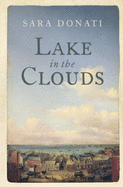 Lake in the Clouds - Donati, Sara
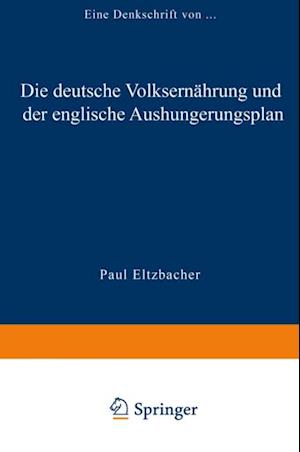 Die deutsche Volksernährung und der englische Aushungerungsplan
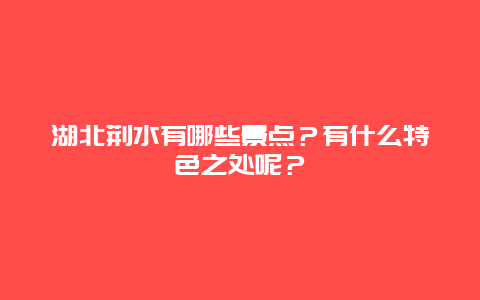 湖北荆水有哪些景点？有什么特色之处呢？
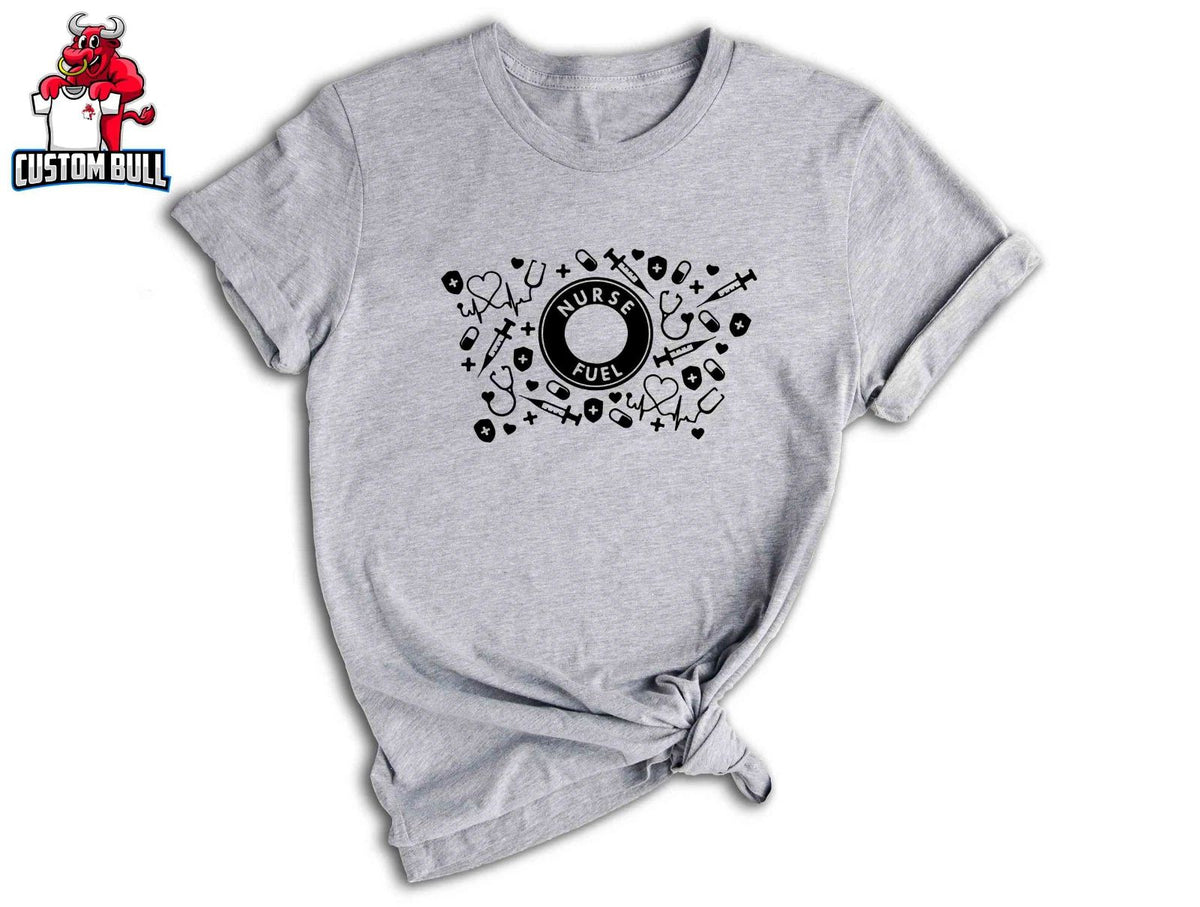 Nurse Fuel Shirt, Nursing Shirt, Cute Nurse Shirt, Nurse Appreciation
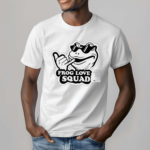 Frog Love Squad Have A Nice Day Shirt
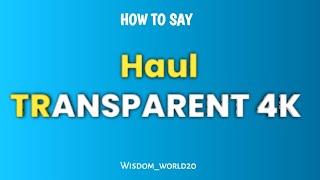 Haul TRANSPARENT 4K Pronunciation Guide in English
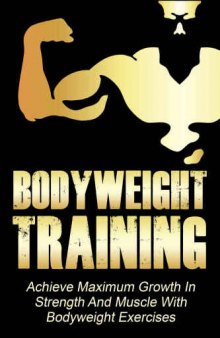 Bodyweight Training: 20 Bodyweight Exercises To Gain Muscle and Strength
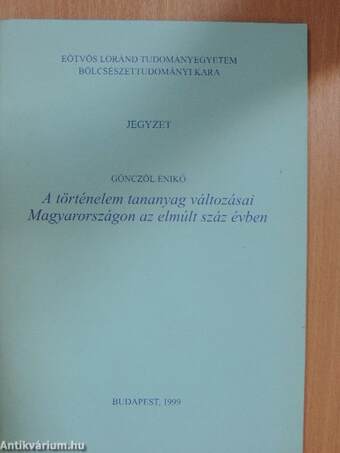 A történelem tananyag változásai Magyarországon az elmúlt száz évben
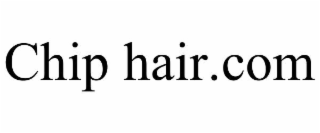 CHIP HAIR.COM
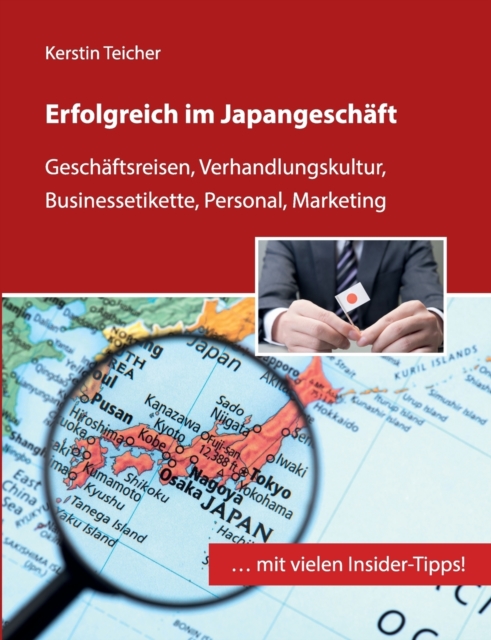 Erfolgreich im Japangeschaft : Geschaftsreisen, Verhandlungskultur, Businessetikette, Personal, Marketing, Paperback / softback Book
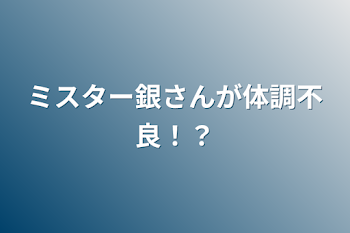 ミスター銀さんが体調不良！？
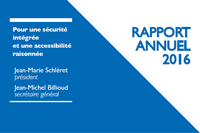 Rapport annuel 2016 : Pour une sécurité intégrée et une accessibilité raisonnée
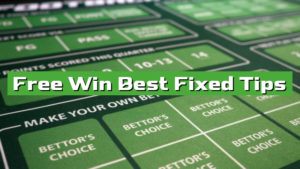 Free Win Best Fixed Tips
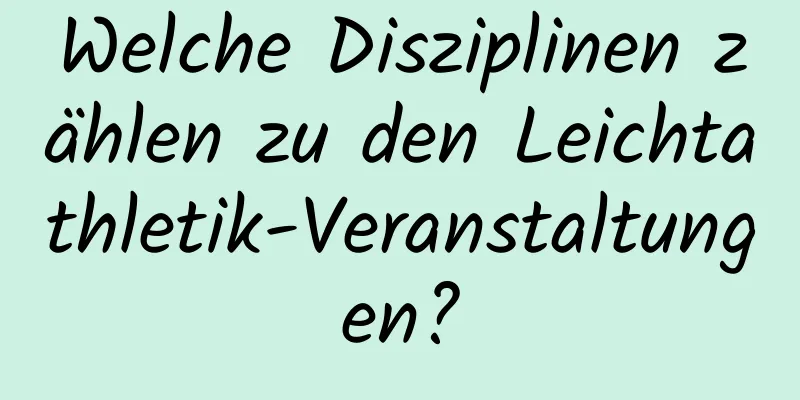 Welche Disziplinen zählen zu den Leichtathletik-Veranstaltungen?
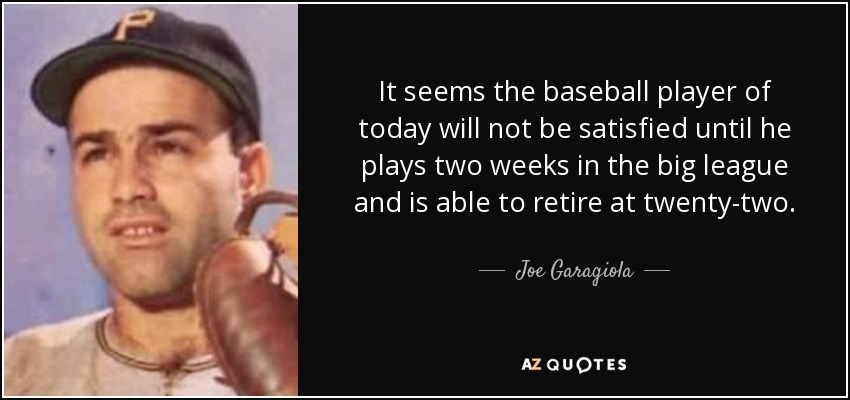 It seems the baseball player of today will not be satisfied until he plays two weeks in the big league and is able to retire at twenty-two. - Joe Garagiola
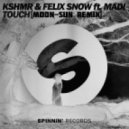 Kshmr & Felix Snow - Touch (Moon-Sun Remix)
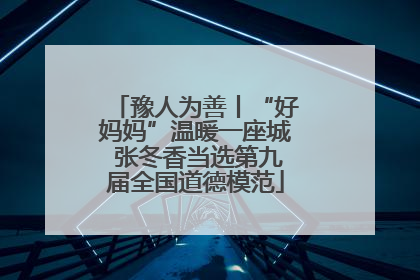 豫人为善丨“好妈妈”温暖一座城 张冬香当选第九届全国道德模范
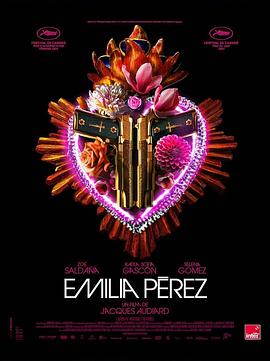 艾米莉亚·佩雷斯(4KHDR杜比视界电影下载)Emilia Pérez
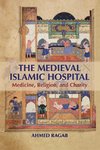 The Medieval Islamic Hospital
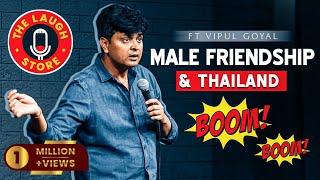 MALE FRIENDSHIP & THAILAND with WIFE | Vipul Goyal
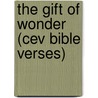 The Gift Of Wonder (cev Bible Verses) door Ben Alex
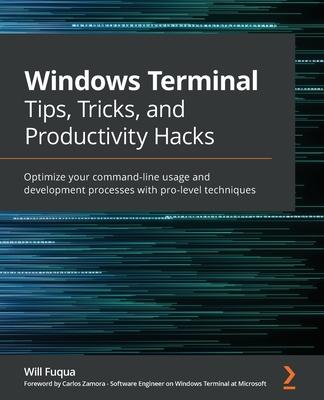 Windows Terminal Tips, Tricks, and Productivity Hacks: Optimize your command-line usage and development processes with pro-level techniques Subscription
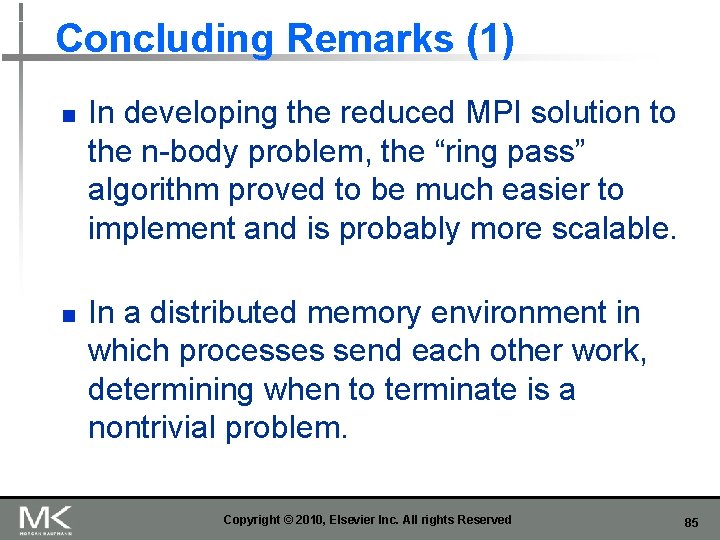 Concluding Remarks (1) n n In developing the reduced MPI solution to the n-body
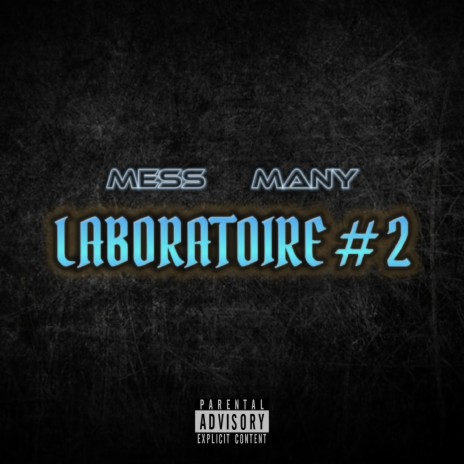 Laboratoire #2 ft. Many | Boomplay Music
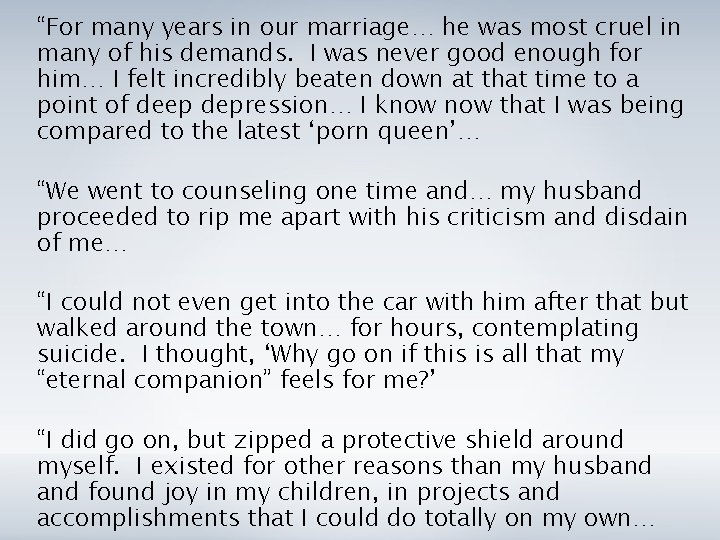 “For many years in our marriage… he was most cruel in many of his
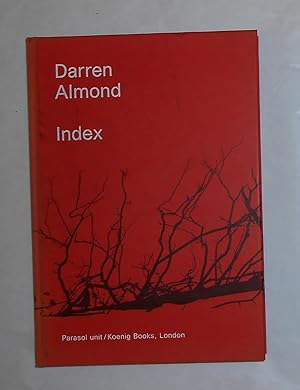 Seller image for Darren Almond - Index - Fire Under Snow (Parasol Unit, London 18 January - 30 March 2008) for sale by David Bunnett Books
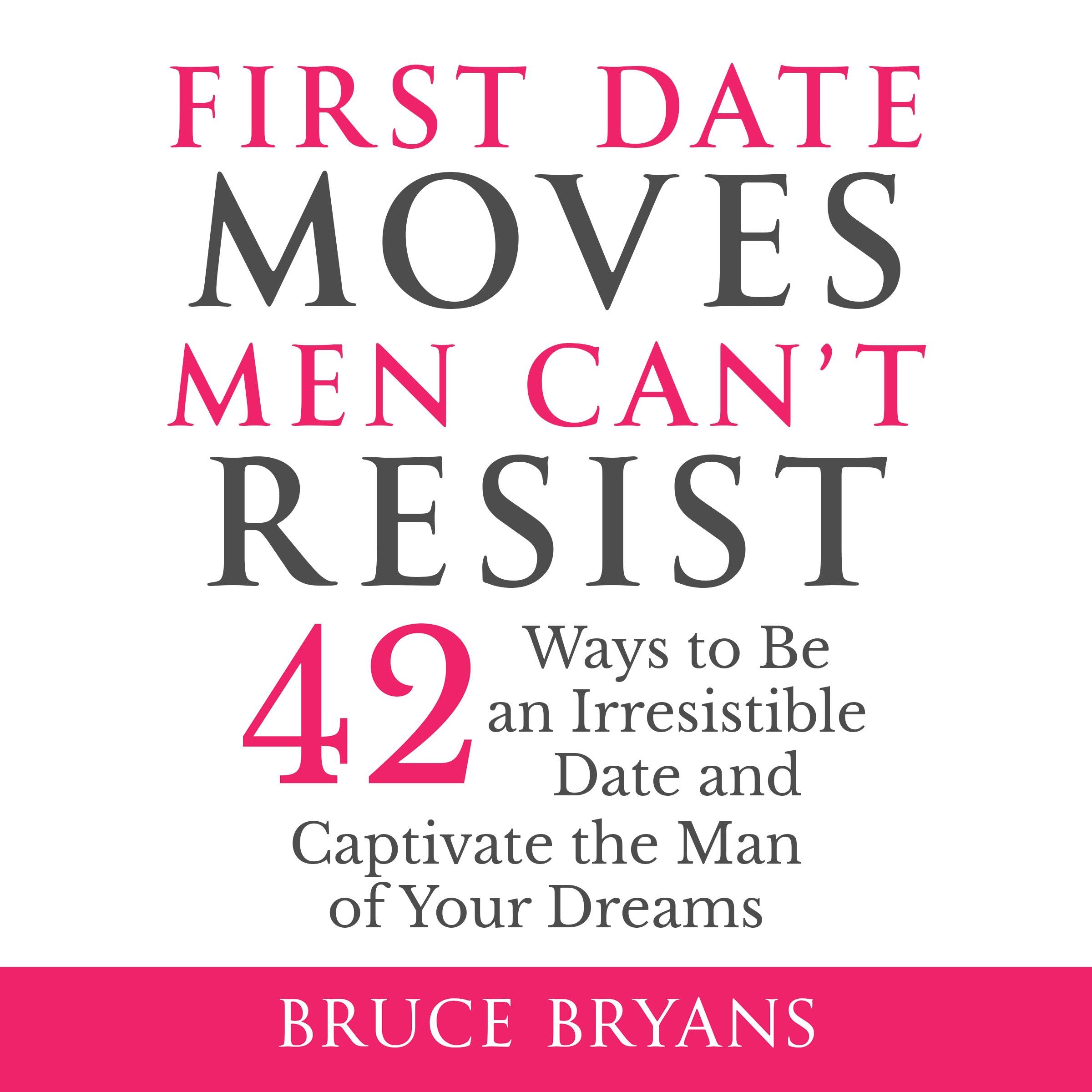 First Date Moves Men Can't Resist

────

Exercise objective:
Would you reproduce the lines above, from the very first through the line containing "The Gift Of", exactly and without the pictures?

Solution to this exercise:
 Lake in the Clouds - Donati, Sara
 Die deutsche Volksernährung und der englische Aushungerungsplan
 湖北荆水有哪些景点？有什么特色之处呢？
 Nurse Fuel Shirt, Nursing Shirt, Cute Nurse Shirt, Nurse Appreciation
 Frog Love Squad Have A Nice Day Shirt
 Haul TRANSPARENT 4K Pronunciation Guide in English
 Bodyweight Training: 20 Bodyweight Exercises To Gain Muscle and Strength
 A történelem tananyag változásai Magyarországon az elmúlt száz évben
 CHIP HAIR.COM
 Erfolgreich im Japangeschaft : Geschaftsreisen, Verhandlungskultur, Businessetikette, Personal, Marketing, Paperback / softback Book
 ミスター銀さんが体調不良！？
 Rapport annuel 2016 : Pour une sécurité intégrée et une accessibilité raisonnée
 Free Win Best Fixed Tips
 Welche Disziplinen zählen zu den Leichtathletik-Veranstaltungen?
 It seems the baseball player of today will not be satisfied until he plays two weeks in the big league and is able to retire at twenty-two. - Joe Garagiola
 Kshmr & Felix Snow - Touch (Moon-Sun Remix)
 豫人为善丨“好妈妈”温暖一座城 张冬香当选第九届全国道德模范
 艾米莉亚·佩雷斯(4KHDR杜比视界电影下载)Emilia Pérez
 The Medieval Islamic Hospital
 MALE FRIENDSHIP & THAILAND with WIFE | Vipul Goyal
 The Gift Of Wonder (cev Bible Verses) door Ben Alex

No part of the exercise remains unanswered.